Kinda mad that I bought this during sellout and now it’s $10 cheaper. Oh well. The card is nice, although as stated not the best for gaming.


I would have to agree, although most of the cards I found are $90-100, a few $80 deals are out there if you look. Not a gamer in any form, so that’s not an issues either. I guess I will keep looking for the card that fits my needs at a really good deal price. Right now, what I have meets my needs. I’ve been looking for some time now and I guess I’ll be looking a while longer.


If ya gonna mention the last woot, link the last woot, momma always said:

and yes, it is $10 cheaper at $69.99 now.


Worth mentioning that this looks to be a ‘Low Profile’ unit, and should fit in restrictive Small Form Factor cases.


Nvidia Quadro FX vs. ATI FirePro: Professional Graphics Accelerators Roundup. Page 4

Theoretically 2 of these in Crossfire would be better (320 stream processors x2 with 512MB x2 128-bit GDDR3) than one FirePro V4900 1GB 128-bit GDDR5 (480 Stream Processing Units) but who knows what Evil lurks in the hearts of GPU’s?



I disagree. The image shown for the product is not ‘Low Profile’. It’s much too wide. A Low Profile card will generally be half as wide as the port bracket.$product_230$


THanks, I was looking for figures on it, This is a 3+ year old card and I noticed a lot of places don’t even carry it anymore. Not a good deal on some very old technology.


This is a good series of benchmarks that compares a few gamer (consumer) cards to the workstation (professional)cards. The conclusions are as follows:
“As the results indicate, in many cases there is not a large difference between the consumer series cards and the professionals cards and at times the consumer cards even outperform. To ensure this is a balanced review and provides information required to make an informed decision, I’ve outlined some of the differences and benefits of the more expensive professional cards. I’ll leave it up to you, the reader, to decide how important those items are for your pipeline.”

Some of the benchmarks run here, the consumer (gamer cards) get trounced pretty well. Depending on what your applications are will clearly determine if this card will be useful to you.


Can anyone comment on how this compares to the graphics card that came with the HP sold a few days ago:

I am wondering if this would be a good upgrade.


Radeon HD 7450
FirePro V5700

The V5700’s G3D mark is around double. However, you can get gaming cards for gaming in this price range.


Nevermind, I type to slow. :slight_smile: What they said.

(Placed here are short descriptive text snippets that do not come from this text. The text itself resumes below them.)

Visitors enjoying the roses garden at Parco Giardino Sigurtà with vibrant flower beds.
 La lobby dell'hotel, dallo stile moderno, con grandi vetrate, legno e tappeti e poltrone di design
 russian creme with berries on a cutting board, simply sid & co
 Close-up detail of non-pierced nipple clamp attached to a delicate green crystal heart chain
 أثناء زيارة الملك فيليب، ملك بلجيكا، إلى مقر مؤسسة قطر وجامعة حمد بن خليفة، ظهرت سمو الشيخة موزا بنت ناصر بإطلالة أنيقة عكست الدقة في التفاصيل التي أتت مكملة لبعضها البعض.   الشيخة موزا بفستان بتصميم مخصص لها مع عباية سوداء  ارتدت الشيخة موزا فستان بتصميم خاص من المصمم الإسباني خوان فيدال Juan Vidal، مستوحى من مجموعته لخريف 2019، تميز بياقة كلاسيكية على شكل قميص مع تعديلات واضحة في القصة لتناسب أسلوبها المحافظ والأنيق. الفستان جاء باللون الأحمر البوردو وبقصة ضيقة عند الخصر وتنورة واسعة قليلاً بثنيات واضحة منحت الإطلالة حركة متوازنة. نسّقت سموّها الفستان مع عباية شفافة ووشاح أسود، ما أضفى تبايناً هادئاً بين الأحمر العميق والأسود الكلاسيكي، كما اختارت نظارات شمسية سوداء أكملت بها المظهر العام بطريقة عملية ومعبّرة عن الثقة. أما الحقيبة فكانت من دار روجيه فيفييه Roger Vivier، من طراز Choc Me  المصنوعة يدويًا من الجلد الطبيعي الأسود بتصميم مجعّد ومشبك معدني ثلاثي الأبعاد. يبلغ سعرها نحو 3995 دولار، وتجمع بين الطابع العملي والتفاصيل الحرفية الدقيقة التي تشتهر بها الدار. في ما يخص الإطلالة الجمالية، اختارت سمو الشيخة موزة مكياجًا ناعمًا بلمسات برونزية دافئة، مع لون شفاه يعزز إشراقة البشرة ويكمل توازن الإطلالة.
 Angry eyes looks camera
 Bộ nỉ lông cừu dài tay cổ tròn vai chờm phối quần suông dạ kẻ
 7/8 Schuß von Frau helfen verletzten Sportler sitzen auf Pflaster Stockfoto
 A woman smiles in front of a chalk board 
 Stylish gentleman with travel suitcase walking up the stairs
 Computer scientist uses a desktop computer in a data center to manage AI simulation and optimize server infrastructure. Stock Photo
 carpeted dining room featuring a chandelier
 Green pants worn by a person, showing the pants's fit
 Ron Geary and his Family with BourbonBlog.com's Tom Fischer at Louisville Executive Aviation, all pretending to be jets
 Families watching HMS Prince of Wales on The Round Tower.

That’s kind of correct, but not quite the whole story. This card, the GPU, the memory, the interfaces, etc. is essentially identical to the HD4670 cards for gaming. This is the primary reason why you’d be playing on lower quality settings - it’s lower end hardware. If you look, for example, at the PassMark G3D scores for this card and the HD4670, they’re nearly identical (757 vs. 752). You can play games on this card at the same settings as you’d play on an HD4670. If you want a card with similar price but much better 3D performance, consider the ASUS EAH6670 ($88 + free shipping with Amazon Prime) which has twice the memory, a GDDR5 interface instead of GDDR3 and 480 stream processors instead of 320.

The “workstation” component is handled by the driver. The driver is designed to detect the active application and optimize its 3D rendering for professional CAD users or artists. This is why a fortune is charged for this card - it isn’t the hardware, it’s the software.


ATI FirePro V3750 256MB 128-bit GDDR3 is $120. The exact same card with half as much RAM for almost Twice the Price so I think the FirePro V5700 with 512MB GDDR3 @ $75 shipped is not just a good deal but a great deal especially since you can run them in crossfire.


Given these results:
this doesn’t seem like a good buy at all. I got the GeForce GTX275 for like $150 three years ago, and it’s benchmarks are still nearly triple that of the V5700. Not a good call.


I’m going to be doing a good bit of video editing in Sony Vegas and Lightworks–

Is this the kind of card that I’m going to be looking for for the new machines?